Shortly after the Christmas bomber tried to blow up a Delta flight into Detroit, the U.S. Transportation Security Administration (TSA) rolled out an emergency directive requiring airlines to implement draconian new security procedures.
Most travelers, unfortunately, had to find out about these new procedures from airline web sites or from firsthand accounts of those who had the misfortune to fly. Despite operating a consumer web site with a chatty blog, the TSA didn't bother to tell the public about the new rules. Instead, the agency just distributed the new rules electronically to thousands of airline, government, and security employees and left the public in the dark.

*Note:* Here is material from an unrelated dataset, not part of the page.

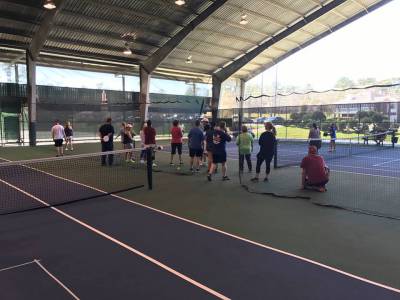 Lake Conroe Pickleball Friends Welcomes New Members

Thankfully, someone leaked the rules, so Americans finally learned what we should have been told immediately. Thanks to bloggers like Chris Elliot and Steven Frischling, who published the memo, we got to read the whole directive.
Needless to say, the TSA should have made all of the new rules public from the get-go. The secrecy surrounding them was an insult to anyone affected -- namely all Americans.

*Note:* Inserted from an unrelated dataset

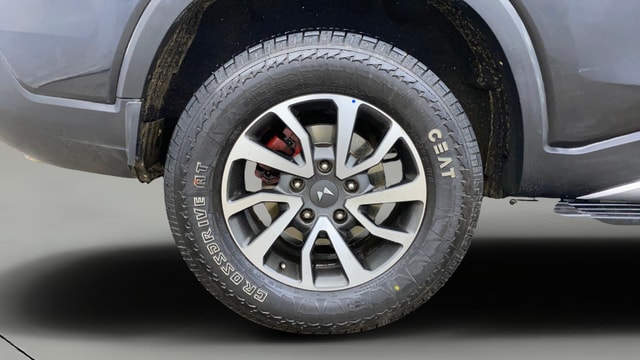 View Mahindra Scorpio-N Image 35 Used Mahindra Scorpio-N Image 35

This insult was nothing compared to the TSA's next move, however, which was to send agents to the houses of Frischling and Elliott (and presumably others) to slap them with subpoenas and demand that they immediately reveal the sources of the leaked directive.
Pause right there to appreciate how asinine and offensive this is.
A few days earlier, a bomber had almost succeeded in blowing a plane out of the sky. The airline in question, Delta, had followed the TSA's procedures. The US government--and, presumably, the TSA--had been given some warning about this particular bomber, which it had declined to pursue. The TSA responded to what may have been a monumental screw-up by tightening security procedures (fine) and then not telling the public about them (outrageous). Then, far worse, when it discovered that someone else had told the public, the TSA sent the proverbial jack-booted thugs to threaten individuals into revealing who sent them a document that had been distributed to thousands of airline and government employees.
In what universe is this a good use of government resources?
Would it be too much to ask the TSA to use its agents to make Americans safer instead of threatening bloggers who publish widely distributed memos that should have been public anyway?
Talk about screwed-up priorities.
And what will the TSA do when it finishes analyzing the hard drive of one of the bloggers it threatened? Will it send jack-booted thugs to the house of the airline or government employee who dared forward the memo so the public could see what the new rules were? Will the TSA drag the employee out of his or house in the middle of the night and ship him or her up river for Treason?
Until we read about this bizarre behavior, we were willing to believe the government's assertion that the tips it got about the Christmas bomber only look meaningful in hindsight. Now that we have seen firsthand some of the decisions being made within the TSA, however, we're more inclined to believe that the cause of this near-tragedy was incompetence.
The threatening of bloggers, meanwhile, is a disgrace.